Learning Low-dimensional Latent Dynamics from High-dimensional Observations: Non-asymptotics and Lower Bounds
Yuyang Zhang, Shahriar Talebi, Na Li
TL;DR
The paper addresses learning latent low-dimensional dynamics from high-dimensional time-series observations in partially observed LTI systems. It introduces a two-stage Col-ALGO that first estimates the observer column space and then performs low-dimensional SYSID on projected data, achieving a non-asymptotic sample complexity of $\tilde{O}([n+\text{poly}(r,m)]/\varepsilon^2)$ and proving a near-tight lower bound of $\Omega(n/\varepsilon^2)$. A key insight is that the observer-space learning error dominates the sample complexity, motivating a meta-learning extension where a shared observer across multiple systems is learned collectively, enabling breaking the bound in certain regimes via a leave-one-out strategy.
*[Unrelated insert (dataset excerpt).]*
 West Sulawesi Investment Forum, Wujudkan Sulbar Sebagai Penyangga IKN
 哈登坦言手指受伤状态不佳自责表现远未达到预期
The work provides detailed probabilistic analyses, including a relative subspace perturbation bound tailored for dynamical data, and demonstrates practical gains through simulations showing improved performance over standard Ho-Kalman in high-dimensional settings and effective meta-learning gains. Overall, the paper advances non-asymptotic guarantees for subspace-based SYSID and offers a scalable meta-learning framework for high-dimensional, sensor-rich applications such as neuroscience.
Abstract
In this paper, we focus on learning a linear time-invariant (LTI) model with low-dimensional latent variables but high-dimensional observations. We provide an algorithm that recovers the high-dimensional features, i.e. column space of the observer, embeds the data into low dimensions and learns the low-dimensional model parameters. Our algorithm enjoys a sample complexity guarantee of order $\tilde{\mathcal{O}}(n/ε^2)$, where $n$ is the observation dimension. We further establish a fundamental lower bound indicating this complexity bound is optimal up to logarithmic factors and dimension-independent constants. We show that this inevitable linear factor of $n$ is due to the learning error of the observer's column space in the presence of high-dimensional noises. Extending our results, we consider a meta-learning problem inspired by various real-world applications, where the observer column space can be collectively learned from datasets of multiple LTI systems. An end-to-end algorithm is then proposed, facilitating learning LTI systems from a meta-dataset which breaks the sample complexity lower bound in certain scenarios.